Mr. Day said Judge Cohen has the authority to summon witnesses and to gather information as he sees fit.
“The latitude allowed him under the Inquiries Act is extremely broad,” he said.
Judge Cohen is expected to make a preliminary report by next August – in time for the return of next year’s spawning run – with a final report due by May, 2011.
Judge Cohen declined to be interviewed yesterday, saying he needs time to get organized for his new task.
Born in Vancouver, he got a bachelor of law at the University of British Columbia in 1965, followed by a master of law at the University of California (Berkeley), then worked at the Vancouver firm of Ladner Downs before becoming a provincial Supreme Court judge in 1987.

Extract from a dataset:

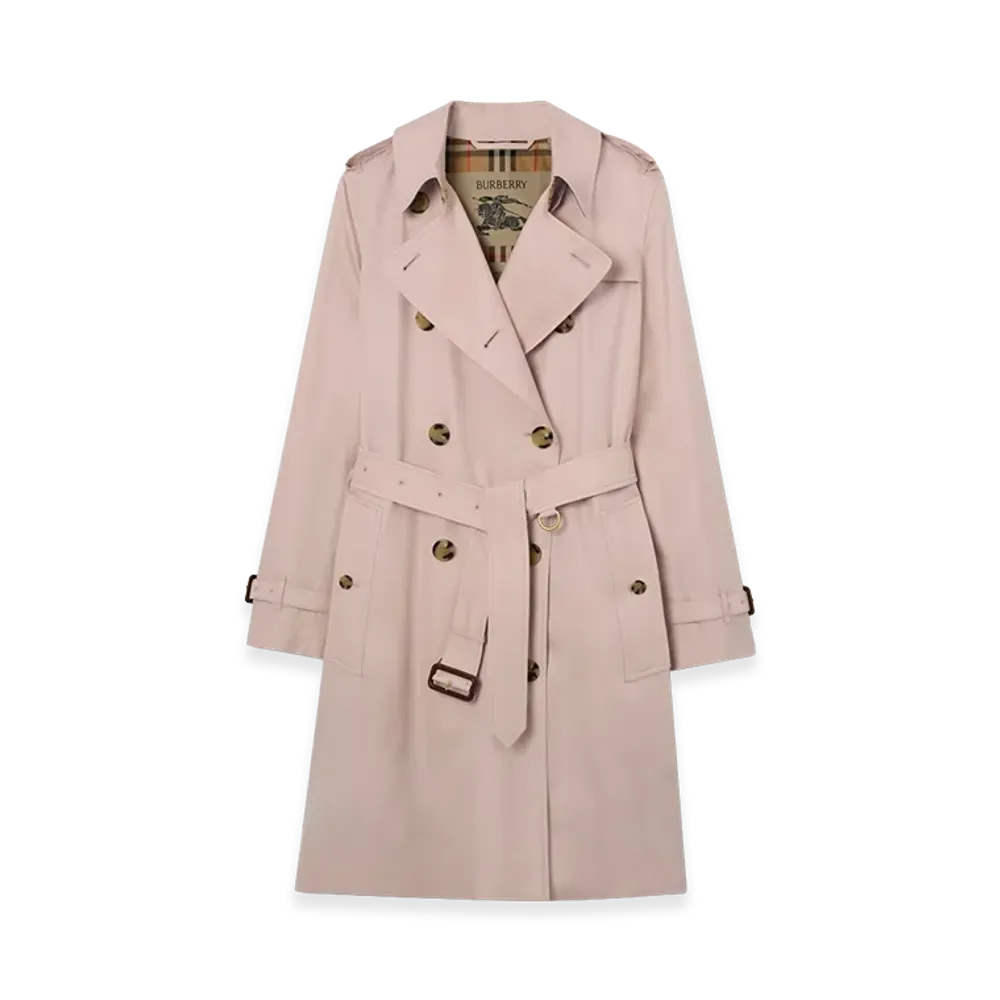 Burberry Women's Mid-length Tropical Gabardine Kensington Trench Coat "Pale Sugar Pink"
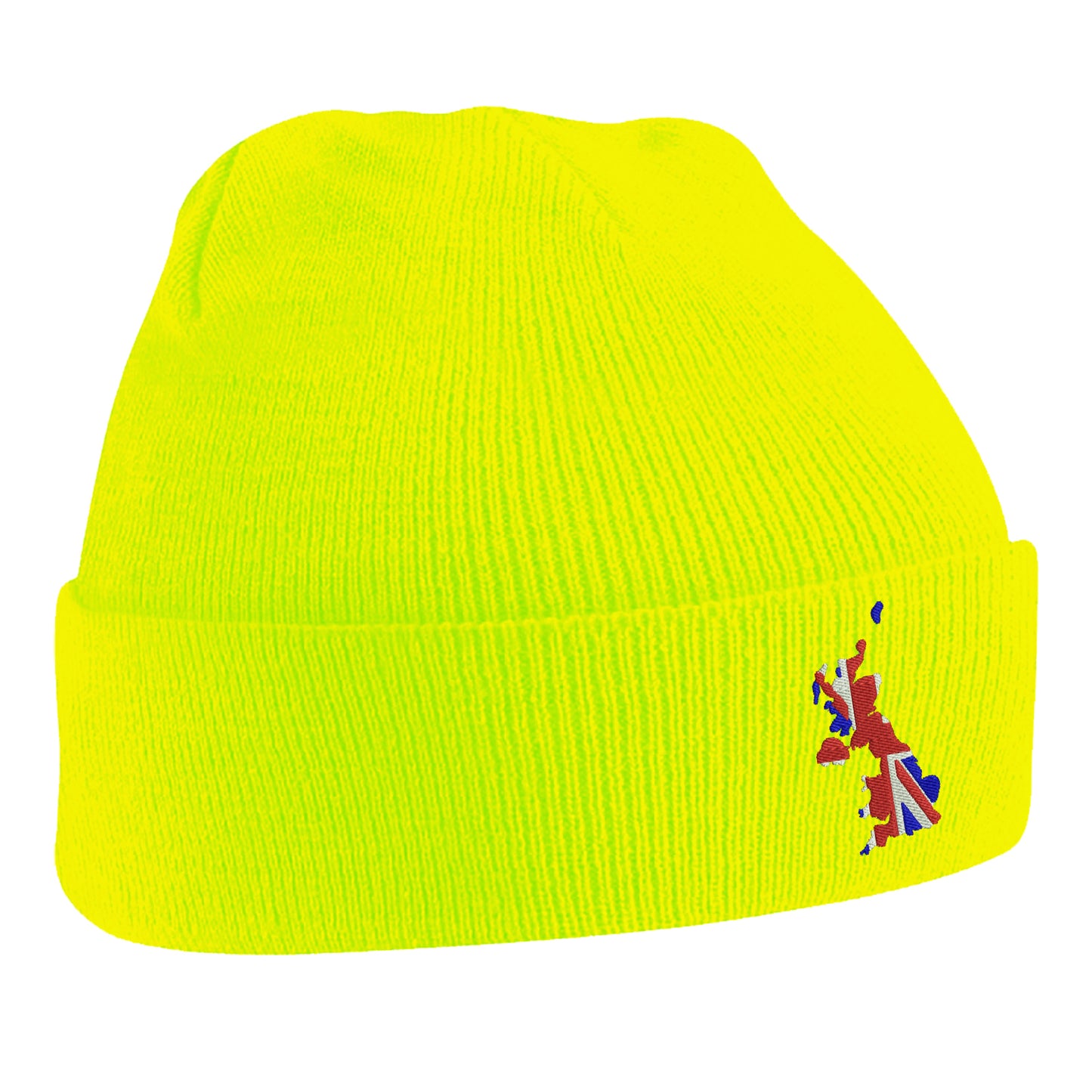 United Kingdom Flag Map Embroidered Beanie Hat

Judge Cohen is past president of the Canadian Institute for the Administration of Justice, and when the CIAJ held its annual conference in Vancouver, in 2006, the theme was “Sustainable Development and the Law – People – Environment – Culture.”
Phil Eidsvik, a spokesman for the BC Fisheries Survival Coalition, said he wants the inquiry to lead to significant changes to the way the Department of Fisheries and Oceans operates on the West Coast.
“I hope that we end up with a fisheries management system that’s accountable and is based on science rather than politics,” he said.
Peter Julian, the federal NDP’s Western fisheries critic, welcomed the inquiry, but urged the government to take immediate action on B.C.’s salmon crisis.
“Our concern is with the time – we are talking about nearly two years before the recommendations will be coming back to government,” he said.
Mr. Julian said Ottawa needs to put funding in place now to increase salmon enhancement and to finance a shift from open net pens to closed containment for salmon farms on the West Coast.
One theory about the sockeye collapse is that the fish may have become infested with sea lice when they migrated past salmon farms. Another is that when the young salmon migrated out of the Fraser they met with an inhospitable ocean environment because of climate changes.